List the people in your life who are accountable, people you know you can count on. Think of what it’s like to be around people who keep their promises, who see blame as a waste of time, who stand up and take ownership for problems, who have no time for excuses, who make sure the job gets done. These people bring energy to a relationship. They make trust and creativity possible. They don’t waste time with regret; they put their energy into solutions. Accountable people put a higher value on character than on comfort. They have the courage to meet the demands of reality – without any room for criticizing or fault finding. Accountable people make integrity real and produce results.

Accountability Quotes

Here are some of my favourite accountability quotes that I have written – or collected -over the years:

An agreement is defined as anything you have said you would do, or anything you have said you would not do. Successful living, working, and leading, depends on learning to be accountable, to make and keep your agreements. Accountability is what makes integrity real.

Accountability is the keystone on the bridge of trust.

If you want someone to be more accountable, start by encouraging them to be more passionate.

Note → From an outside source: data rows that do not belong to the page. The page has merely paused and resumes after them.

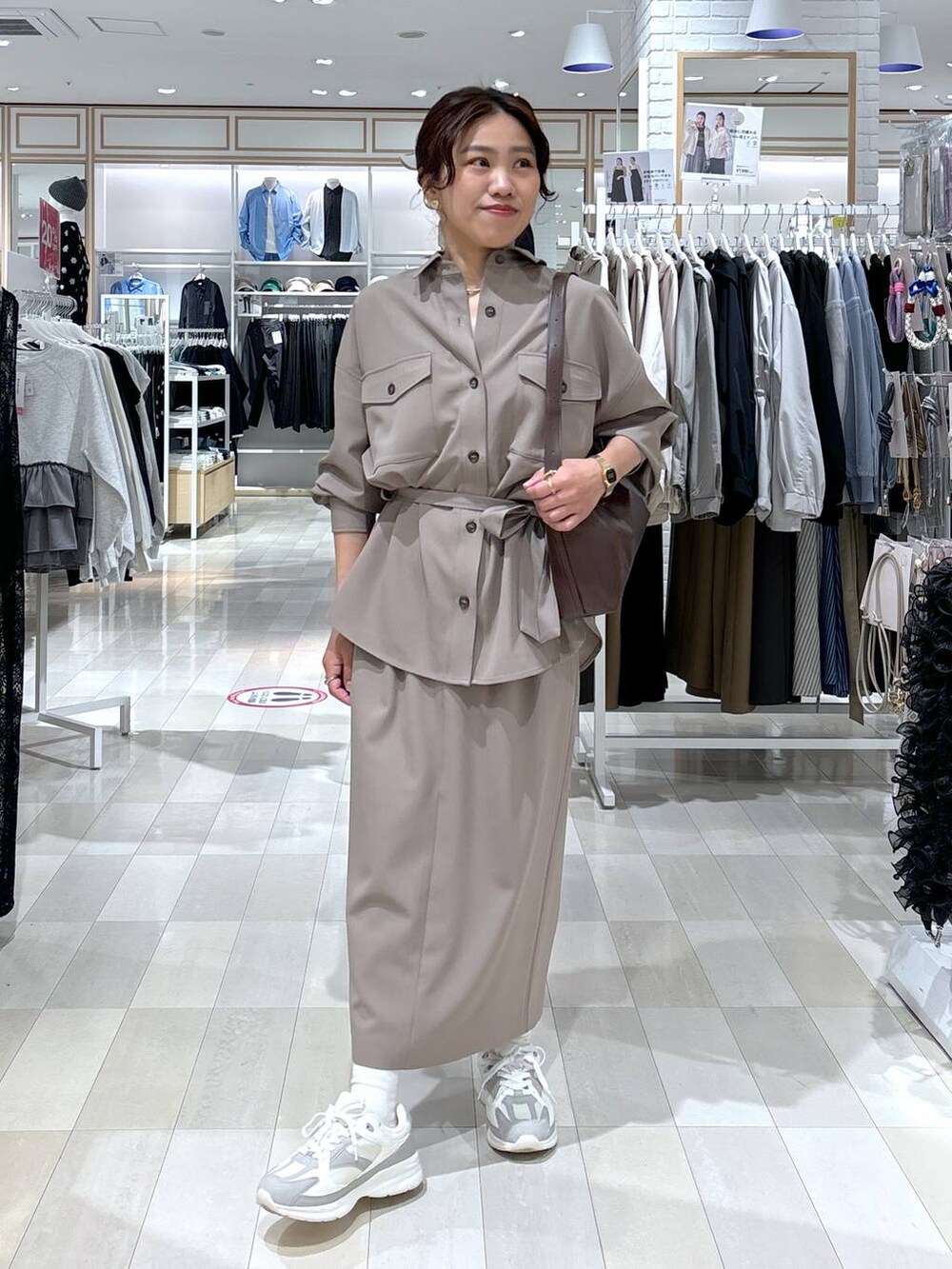 ブラウン系のショルダーバッグ、ブラウン系のスカート、ホワイト系のスニーカーを着用したレディースの春コーディネートの2枚目の写真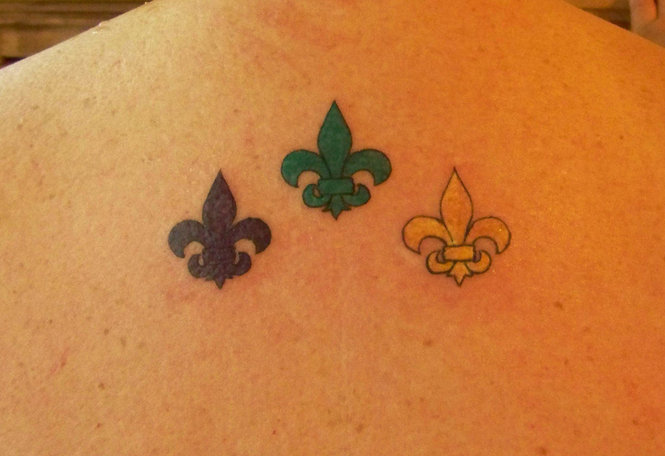 Colorful Small Fleur De Lis Tattoos On Upper Back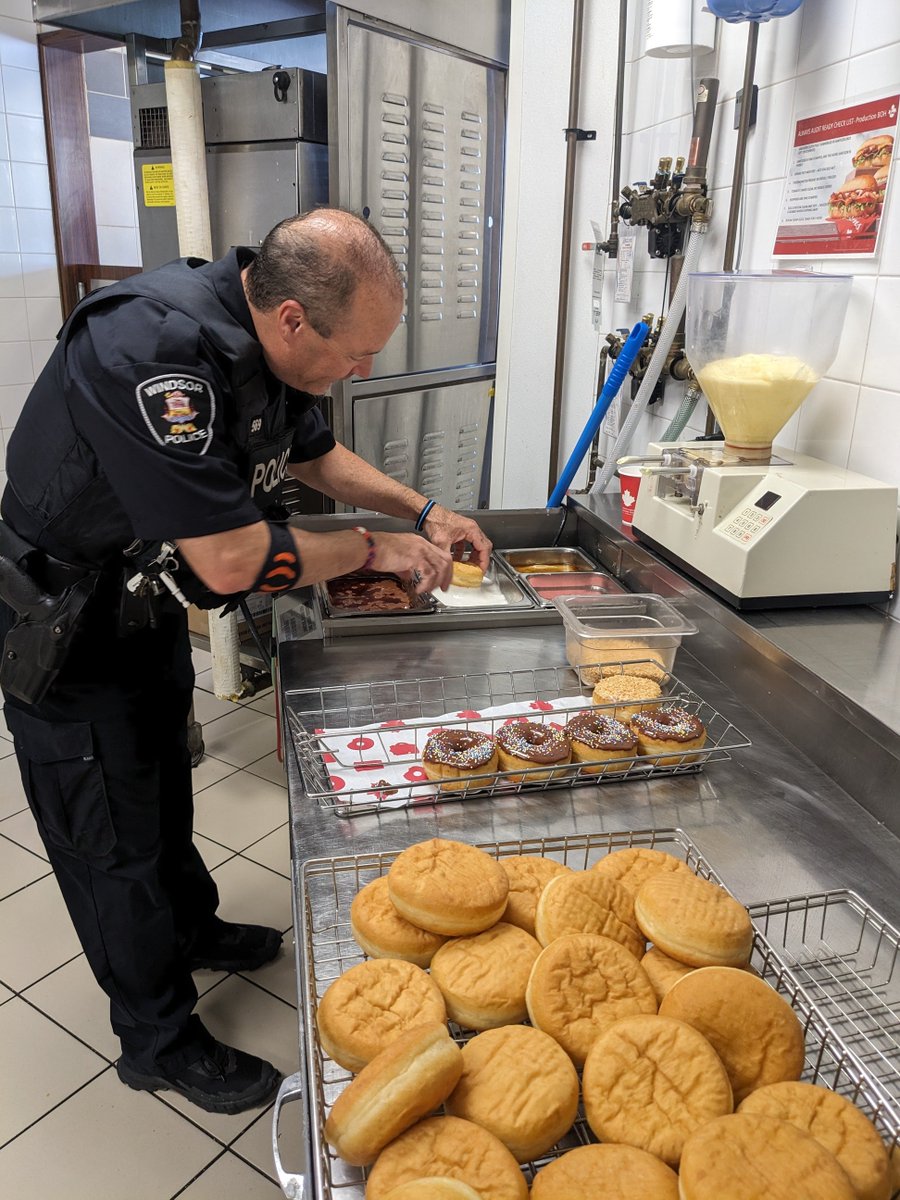 wpsSean's tweet photo. @WindsorPolice having fun helping out at local @TimHortons for #CampDay https://t.co/9atcNKXga8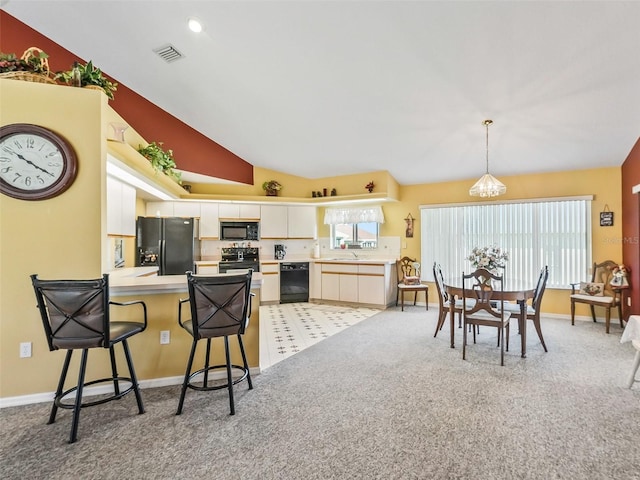 kitchen featuring a peninsula, lofted ceiling, black appliances, light countertops, and light colored carpet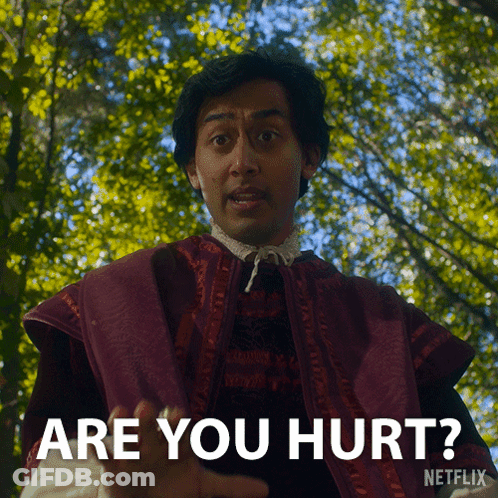 Man In Purple Robe Saying Are You Hurt GIF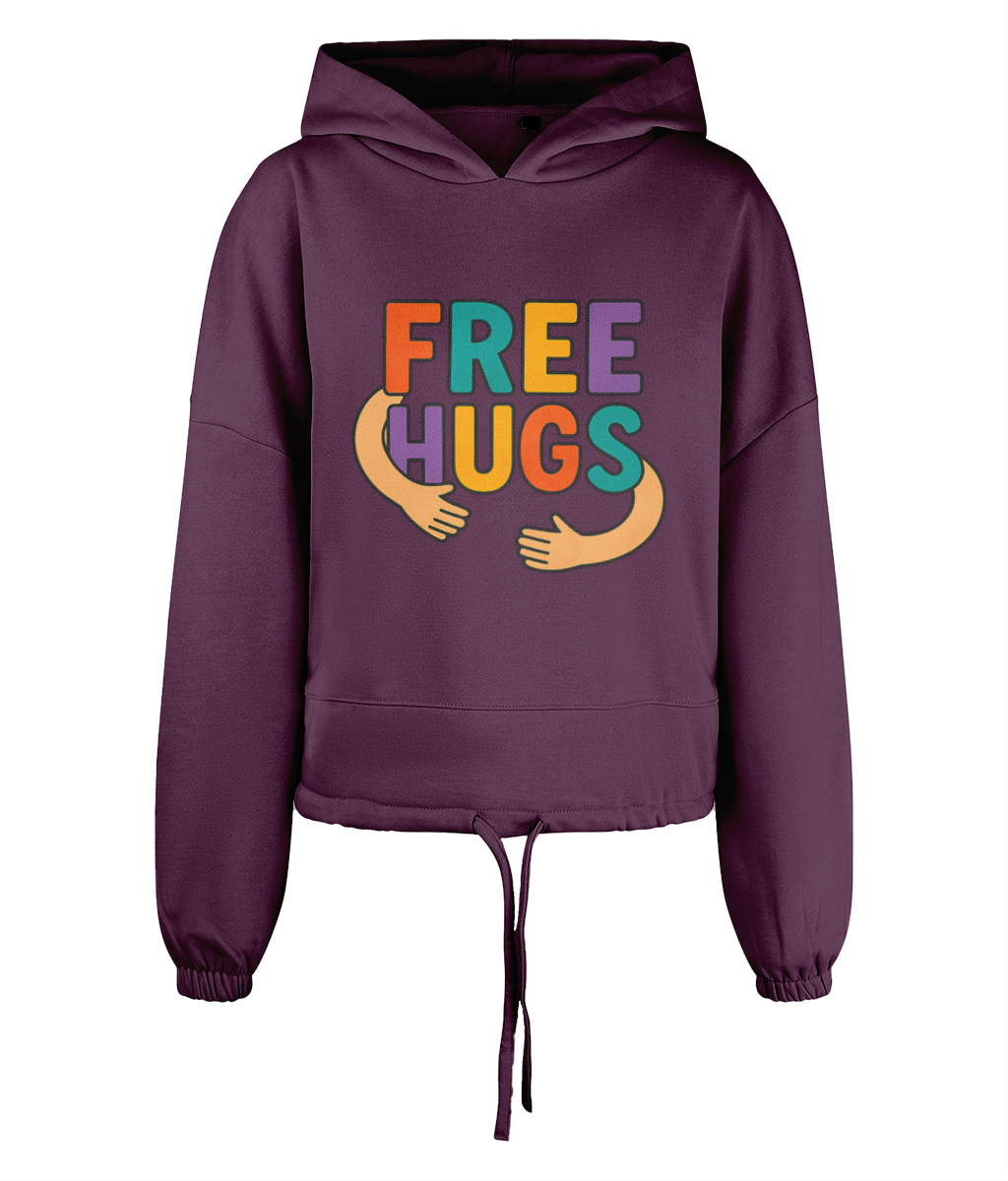 A plum colored hooded sweatshirt displays the text FREE HUGS in bold multicolored letters with stylized cartoon arms reaching inward, shown centered against a black background.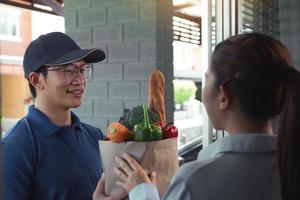 Lieferung eines asiatischen Mannes, der eine Tüte mit Lebensmitteln an eine Kundin an der Tür handhabt. foto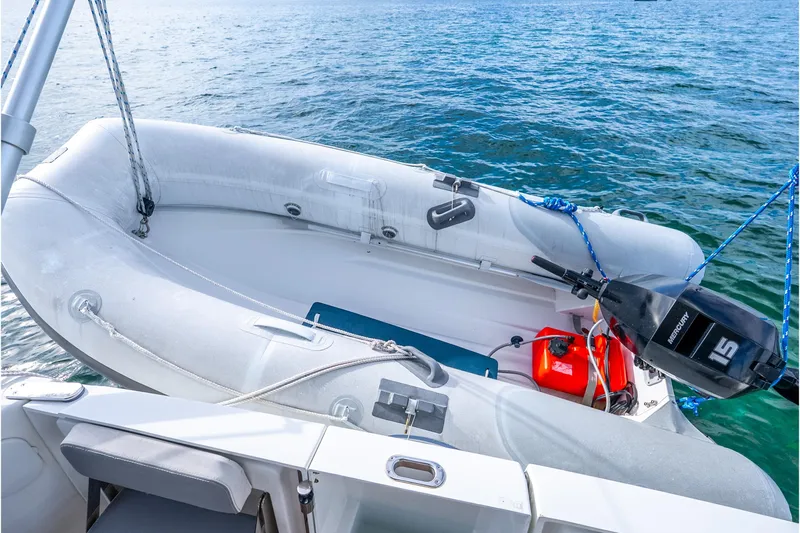  Yacht Photos Pics Inflatable boat with outboard motor on 2017 Beneteau Swift Trawler 30, floating on water.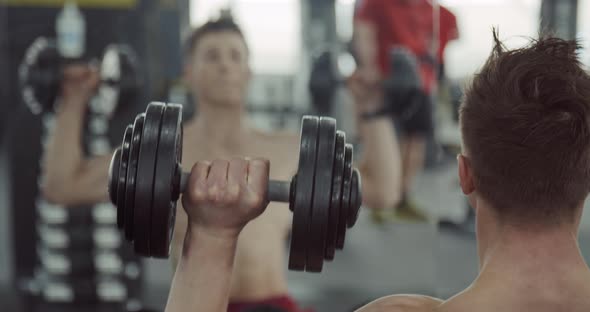 Man Doing Biceps Lifting Barbell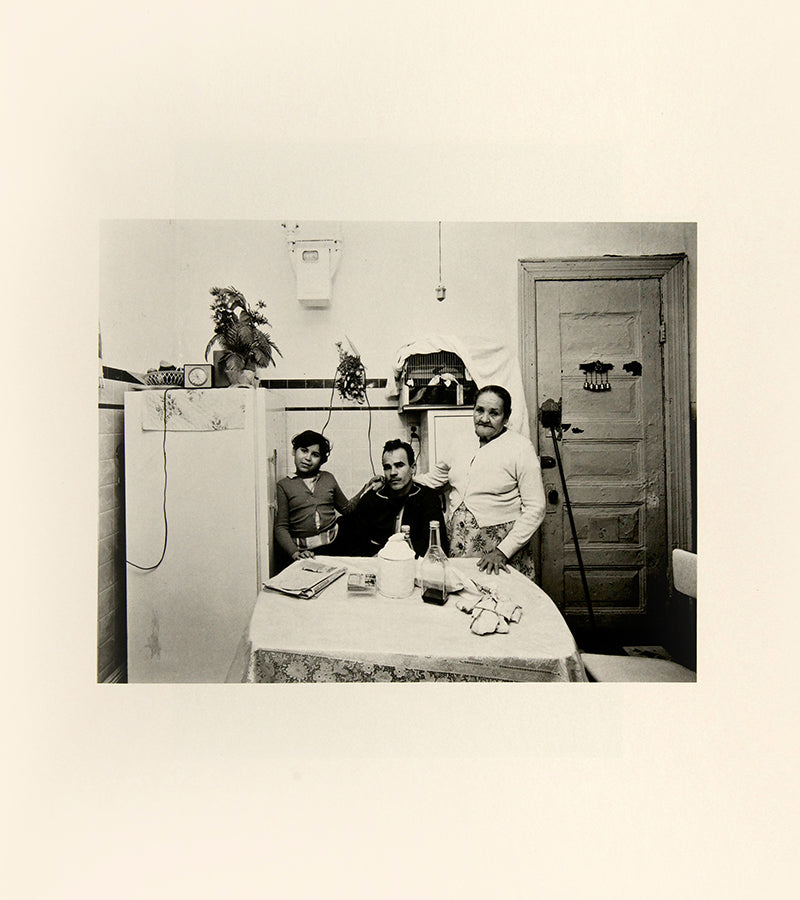 Bruce Davidson regularly visited East Harlem with a view camera and tripod with which he photographed the residents of a city block on East 100th Street between First and Second Avenues in New York. Davidson chose this block because, at the time, it had a reputation as being one of the worst in the city.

If you aren’t accountable, you haven’t found enough reasons to be accountable. Vision and Passion precede accountability.

If people don’t own it, they won’t do it.

“This is the true joy in life, the being used for a purpose recognized by yourself as a mighty one; the being a force of nature instead of a feverish, selfish little clod of ailments and grievances complaining that the world will not devote itself to making you happy.” ~ George Bernard Shaw, Irish playwright, philosopher, and co-founder of the London School of Economics

It’s not greener on the other side of the fence. It’s greener where you water it. Now get busy and turn on the hose.

“Where does change begin? It begins in this room. Why? Because this is the room you are in.” ~ Peter Block

How many of you have ever thought less of a person because they put up their hand and said, “I’m accountable for that?”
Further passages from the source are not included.